- Material provided:
━━━

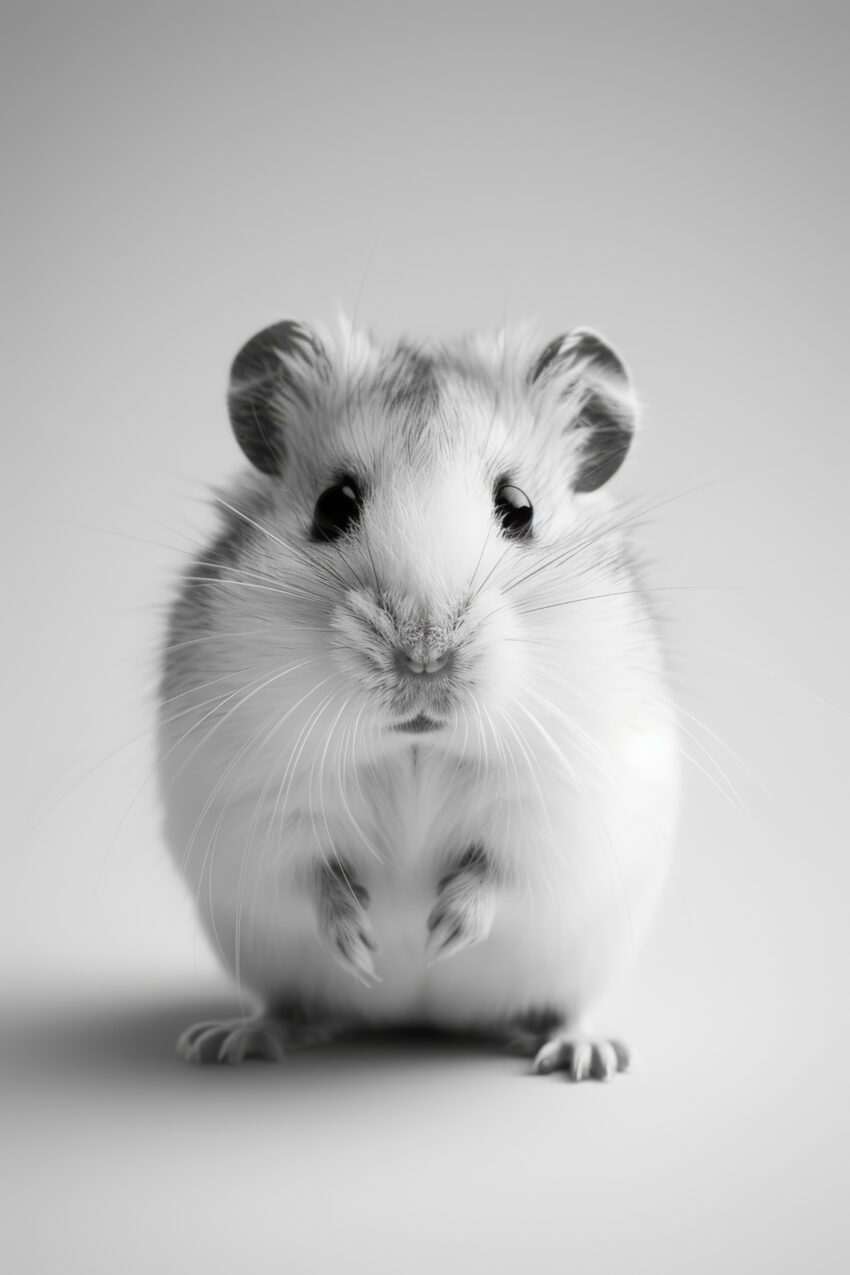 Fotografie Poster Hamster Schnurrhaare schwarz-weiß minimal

━━━

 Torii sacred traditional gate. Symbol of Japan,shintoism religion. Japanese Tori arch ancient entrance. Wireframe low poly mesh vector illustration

━━━

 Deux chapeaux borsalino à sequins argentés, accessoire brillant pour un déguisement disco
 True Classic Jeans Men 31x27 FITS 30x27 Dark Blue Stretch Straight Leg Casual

━━━

- Exercise directions: Begin at the line that has "Deux chapeaux borsalino" in the entries above; stop after the line that has "True Classic Jeans". Transcribe exactly those lines and no others.

- Response to this task:
 Deux chapeaux borsalino à sequins argentés, accessoire brillant pour un déguisement disco
 True Classic Jeans Men 31x27 FITS 30x27 Dark Blue Stretch Straight Leg Casual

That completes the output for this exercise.